Random Forest

A random forest classifier. A random forest is a meta estimator that fits a number of decision tree classifiers on various sub-samples of the dataset and use averaging to improve the predictive accuracy and control over-fitting.

Modeled after scikit-learn's RandomForestClassifier.

var RandomForestClassifier = require('random-forest-classifier');

RandomForestClassifier

Goals

MOST OF THESE DON'T WORK THEY ARE JUST A GOAL I SET

Parameters

n_estimators: integer, optional (default=10) The number of trees in the forest.

criterion: string, optional (default=“entropy”) The function to measure the quality of a split. Supported criteria are “gini” for the Gini impurity and “entropy” for the information gain. Note: this parameter is tree-specific.

max_features: int, float, string or None, optional (default=”auto”) The number of features to consider when looking for the best split:

  • If int, then consider max_features features at each split.
  • If float, then max_features is a percentage and int(max_features * n_features) features are considered at each split.
  • If “auto”, then max_features=sqrt(n_features).
  • If “sqrt”, then max_features=sqrt(n_features).
  • If “log2”, then max_features=log2(n_features).
  • If None, then max_features=n_features. Note: the search for a split does not stop until at least one valid partition of the node samples is found, even if it requires to effectively inspect more than max_features features. Note: this parameter is tree-specific.

max_depth: integer or None, optional (default=None) The maximum depth of the tree. If None, then nodes are expanded until all leaves are pure or until all leaves contain less than min_samples_split samples. Ignored if max_samples_leaf is not None. Note: this parameter is tree-specific.

min_samples_split: integer, optional (default=2) The minimum number of samples required to split an internal node.
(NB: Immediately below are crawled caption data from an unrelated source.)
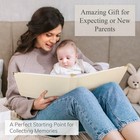 Baby Book Keepsake Boy Or Girl Timeless Baby Memory Book First 5 Years For Ba   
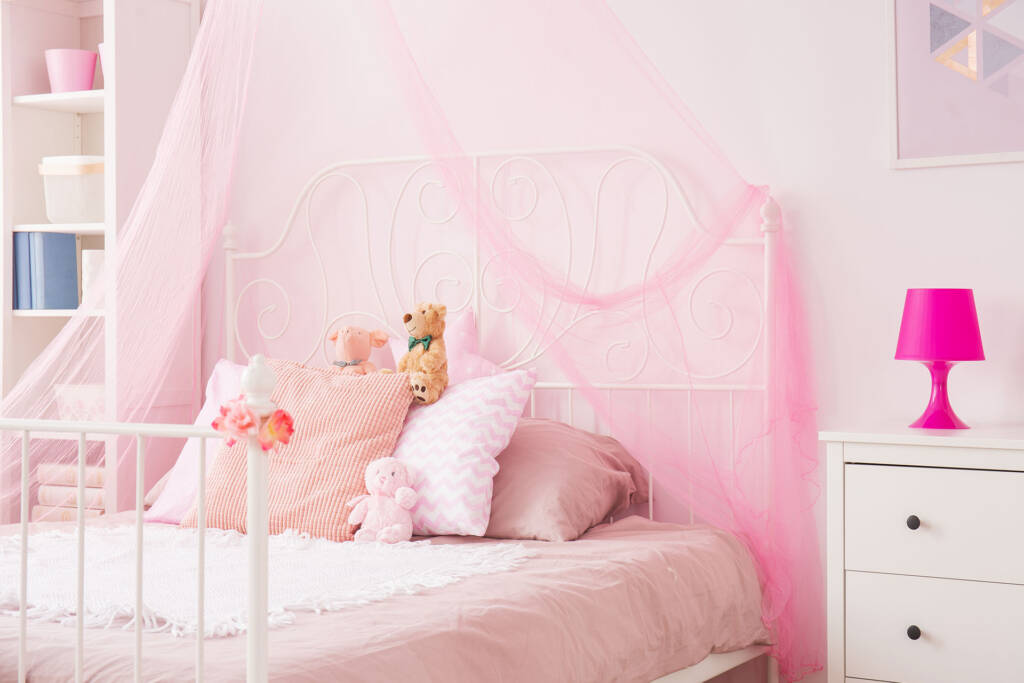 princess bed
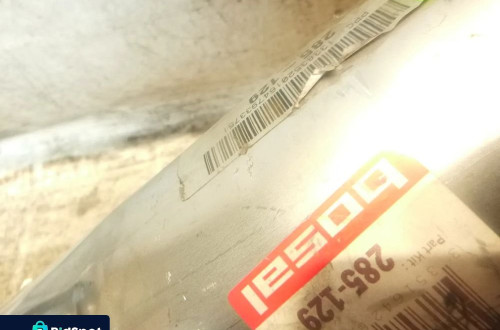 nowy tłumik bosal honda crx 92-98 1,6 esi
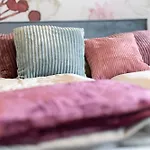 Apartmán Heimbi-home No 5 I 6-8 Personen I Naehe Europa-park I Parkplatz Und E-ladestation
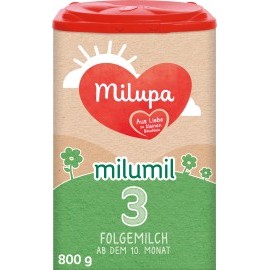 Milupa Follow-on milk 3 Milumil from the 10th month, 800 g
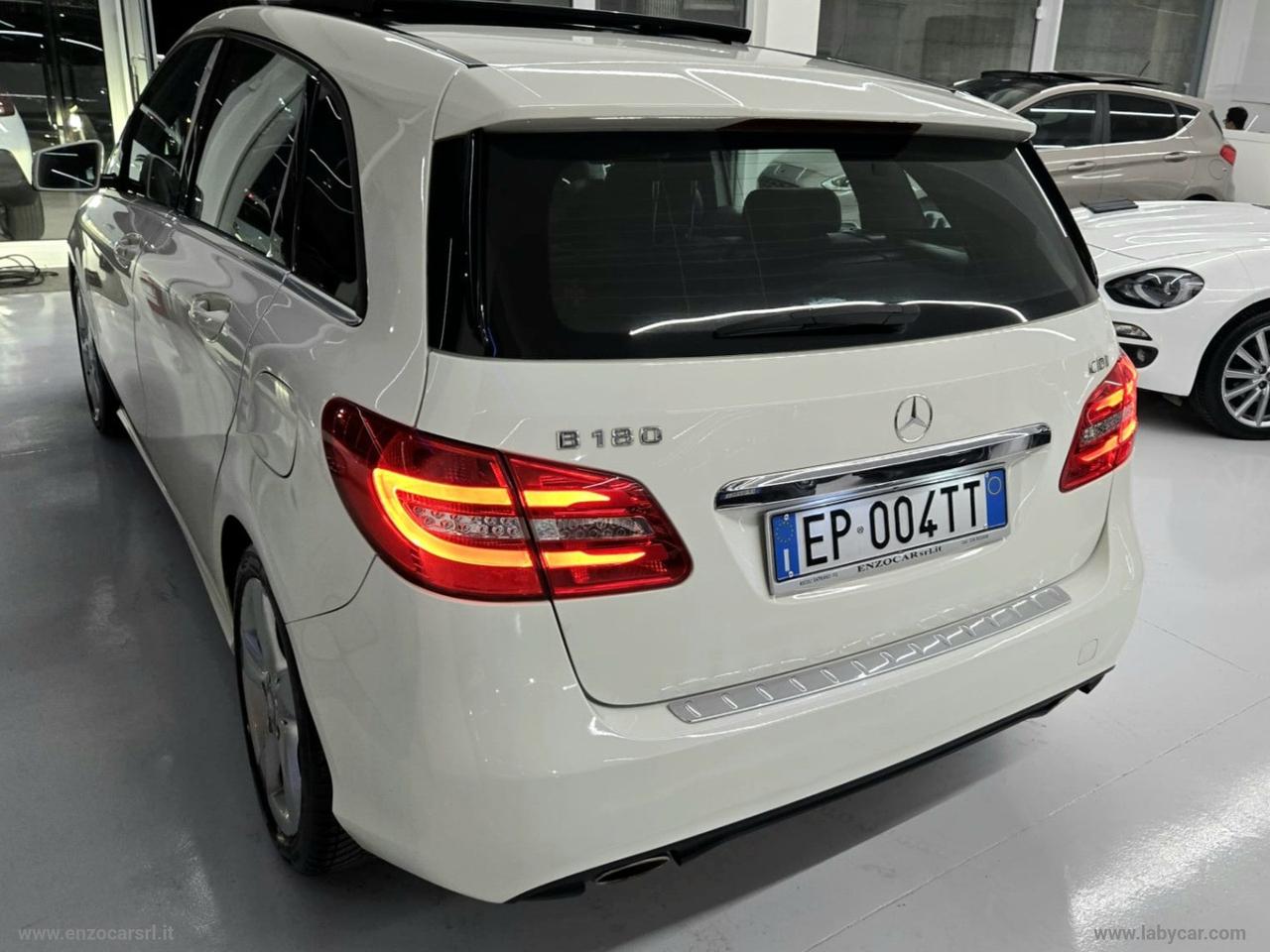 MERCEDES-BENZ B 180 CDI BlueEFFICIENCY Premium TETTO APRIBILE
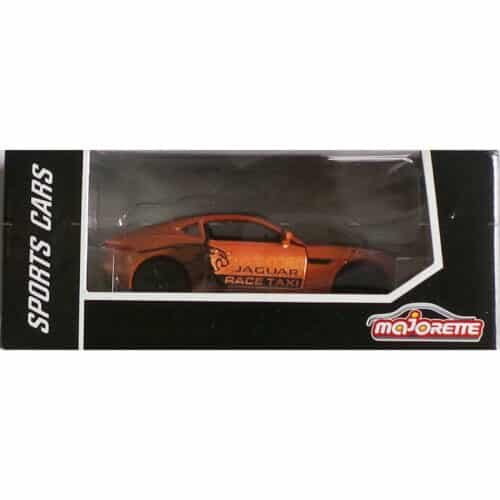 Majorette Sports Car 2024  JAGUAR  SHOWBOX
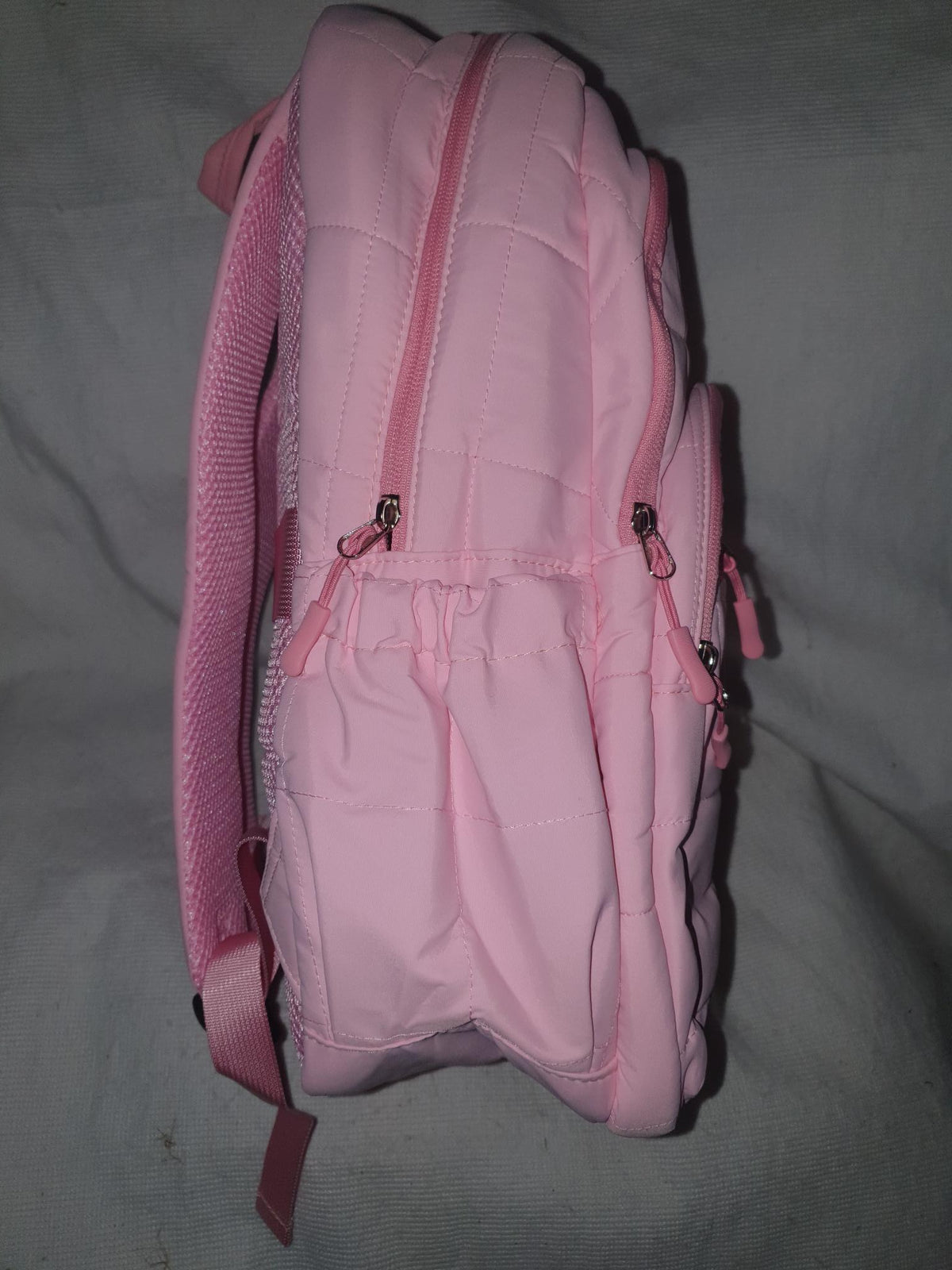 Suikihum Quilted Laptop Backpack for Women – Travel Daypack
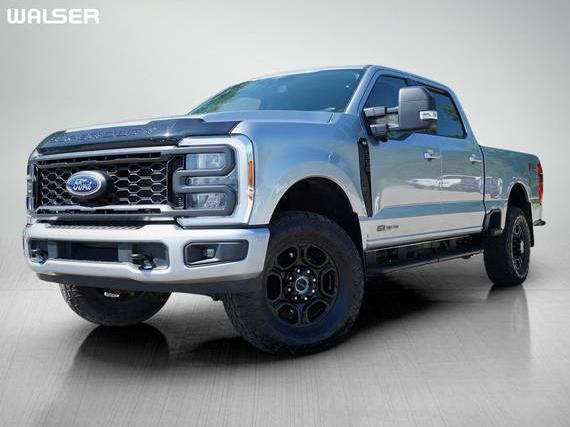 FORD F-350 2023 1FT8W3BT9PEC08188 image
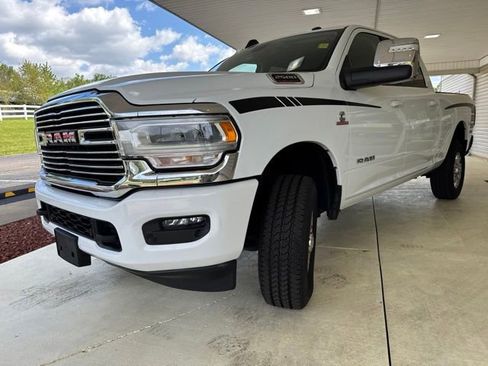 Used 2024 RAM 2500 Laramie AWD/4WD image 5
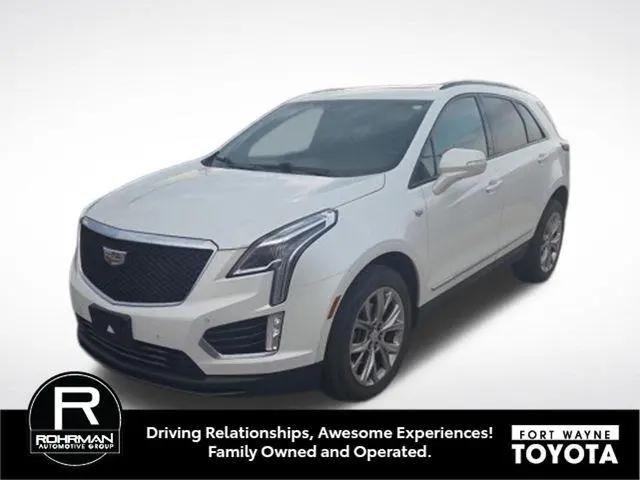 2021 Cadillac XT5 Sport for sale in Fort Wayne, IN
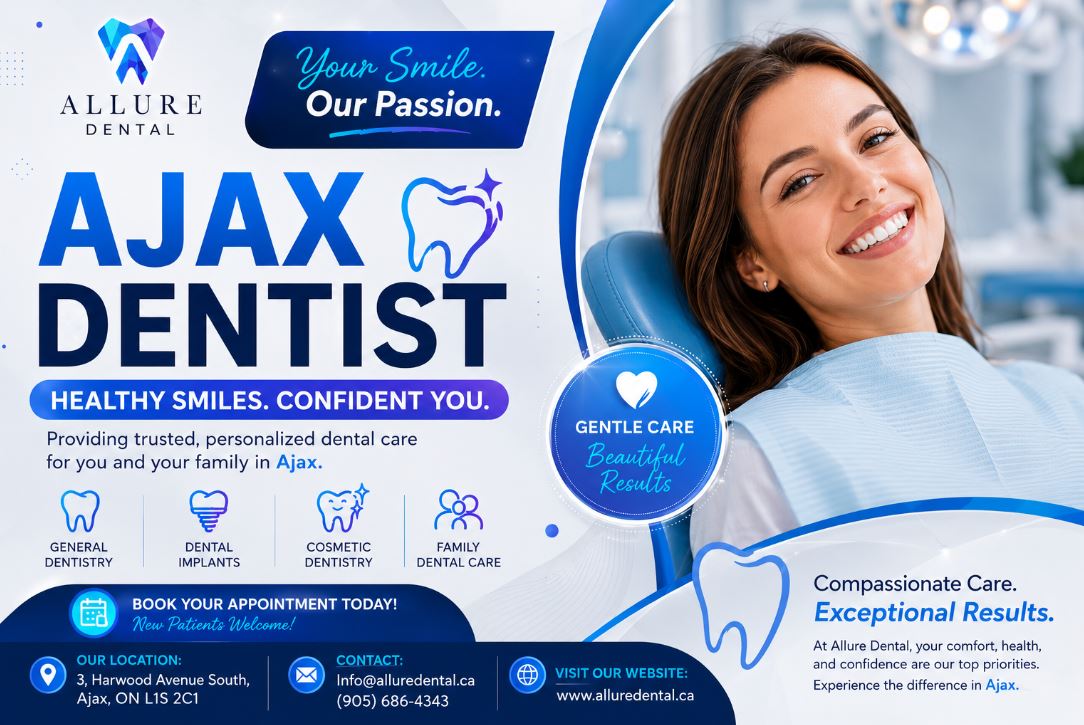 Ajax Dentist
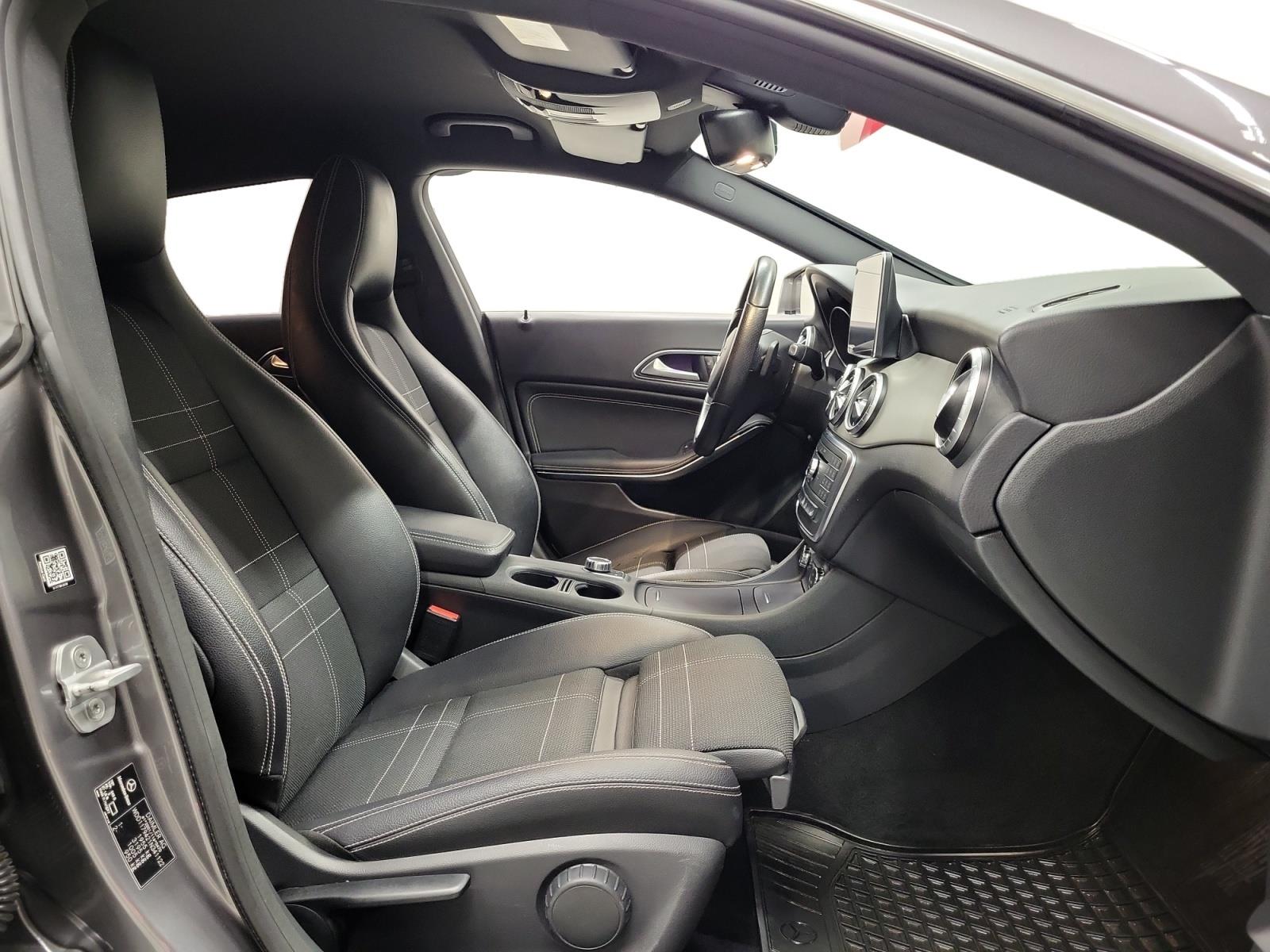 Mercedes-Benz CLA 2016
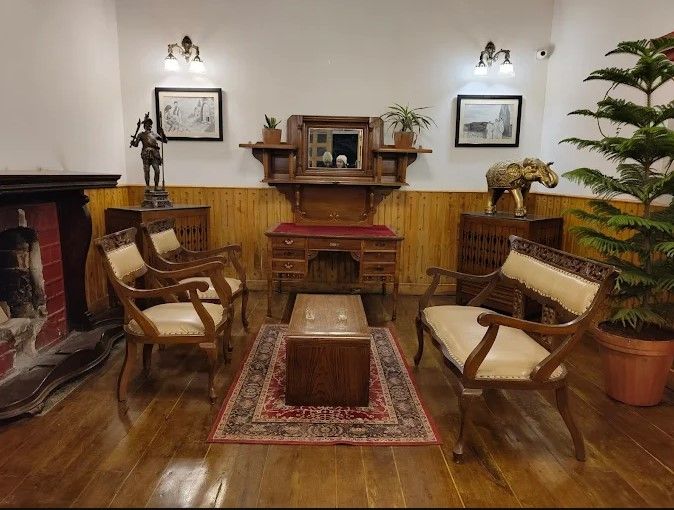 undefined Rosewood by Nature Resorts and Stays 2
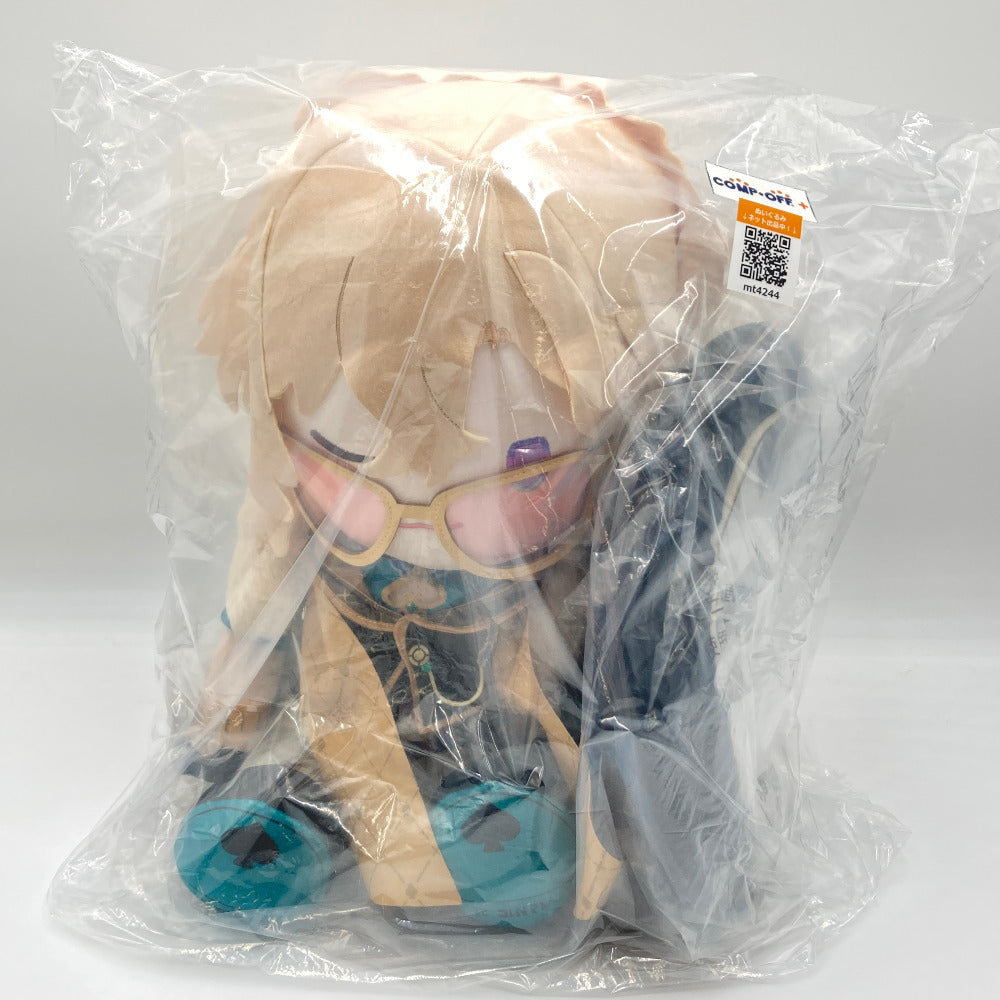 コンプオフ ぬいぐるみ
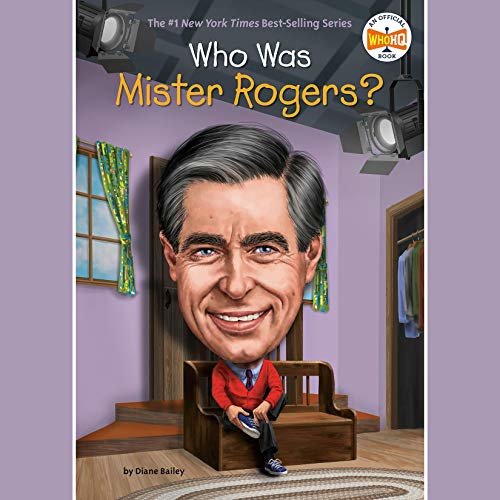 ダウンロード  Who Was Mister Rogers? 本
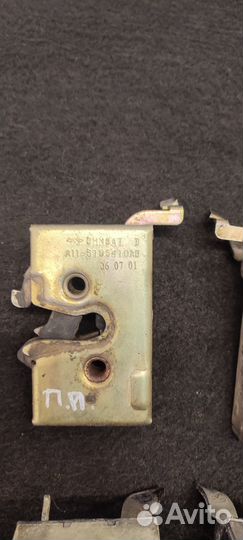 Замок двери Chery Amulet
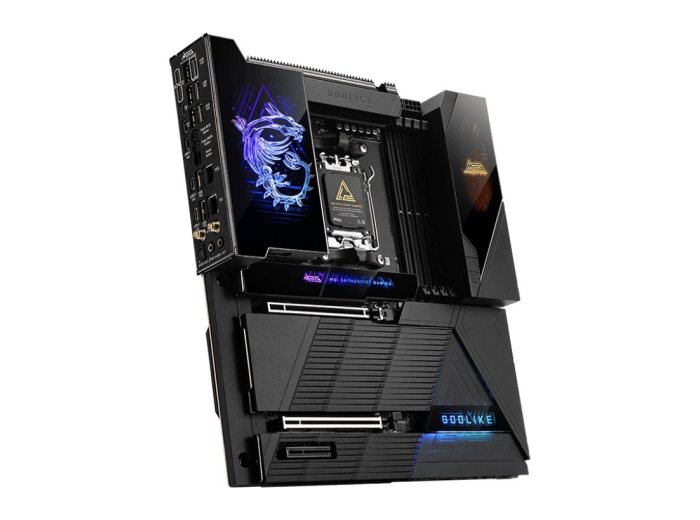 Płyta główna MEG X870E GODLIKE AM5 4DDR5 ATX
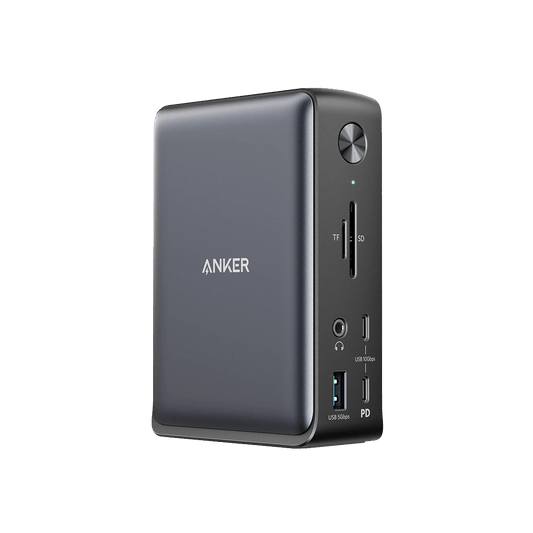 Anker <b>575</b> USB - C Docking Station (13 - in - 1) - Cartsfy Inc.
Note: this parameter is tree-specific.

min_samples_leaf: integer, optional (default=1) The minimum number of samples in newly created leaves. A split is discarded if after the split, one of the leaves would contain less then min_samples_leaf samples. Note: this parameter is tree-specific.

max_leaf_nodes: int or None, optional (default=None) Grow trees with max_leaf_nodes in best-first fashion. Best nodes are defined as relative reduction in impurity. If None then unlimited number of leaf nodes. If not None then max_depth will be ignored. Note: this parameter is tree-specific.

verbose: int, optional (default=0) Controls the verbosity of the tree building process.